I have no problem — none at all — celebrating any culture or special holiday in the schools or on the public square. Why not? The more we learn about each other’s beliefs and values, the more likely it is we’ll all get along.
That having been said, however, there is no reason to modify “Christmas” in order to appease some phantom among us who may — or may not — be offended.
Why would somebody be offended anyway? As a lifelong Presbyterian myself, why on earth would I be offended by somebody who celebrates, say, the Jewish holiday of Chanukkah (or “festival of lights,” commemorating the rededication of the Temple in Jerusalem) or Eid Al-Fitre, a Muslim feast at the end of Ramadan’s month-long fasting period?
Yes, Christmas is far more a part of our cultural fabric than other holidays. But that’s because of our history, not because Christians are doing their best to stop non-Christians from enjoying and worshipping in the way they chose to. (Certainly there was a time when that was true — no religion is free from some sort of historical and/or current bias. But it’s not generally true today, at least not in Canada.)

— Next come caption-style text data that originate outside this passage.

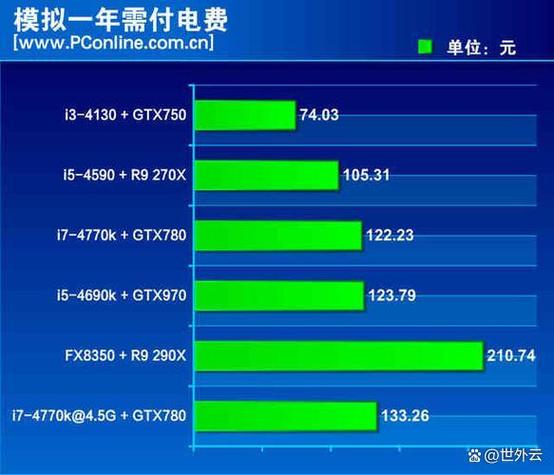 功率24w一小时耗电多少游戏截图
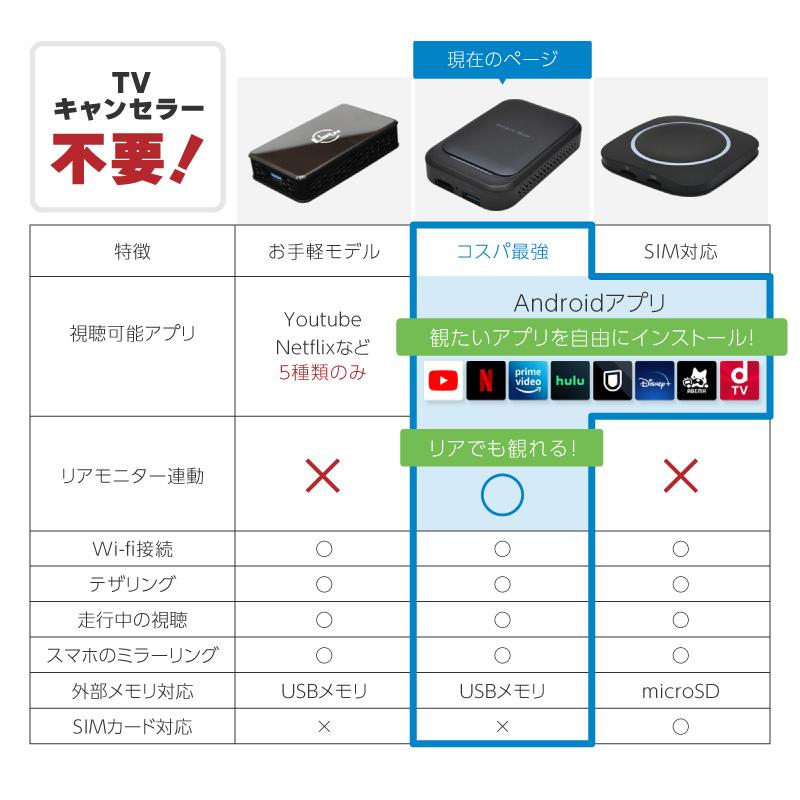 マツダ MX-30 EVモデル MAZDA MX30 EV MODEL carplay ワイヤレス カープレイ 車でユーチューブを見る｜ksplanning｜13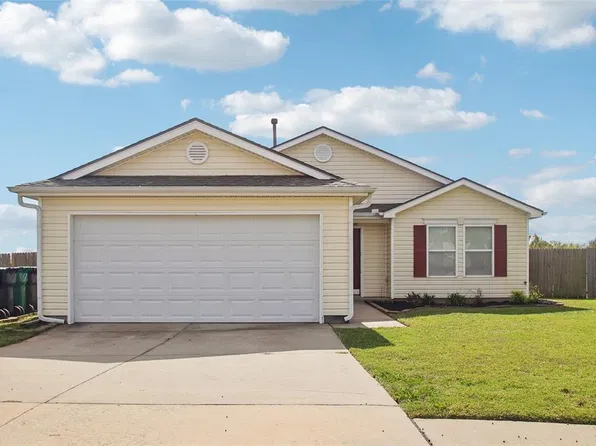 9424 Checkerbloom Dr, Oklahoma City, OK 73165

Given the remarkable changes over the past few decades in Canada’s demographic makeup, the number of non-Christian celebrants of various holidays has skyrocketed.
That’s a good thing as far as I’m concerned. And the proper approach to celebrating their different major holidays is surely to encourage them all to do just that, rather than to discourage the celebration of one event, i.e. Christmas, for the preposterous excuse that it just might hurt somebody’s fragile feelings by making them feel excluded.
That line of thinking gives no thought whatsoever to the feelings and/or convictions of the rest of us who actually do celebrate Christmas and do so without the slightest intention of offending anybody else.
So let’s get over this nonsense, shall we?
I’m wishing you all a Merry Christmas. Period. End of story.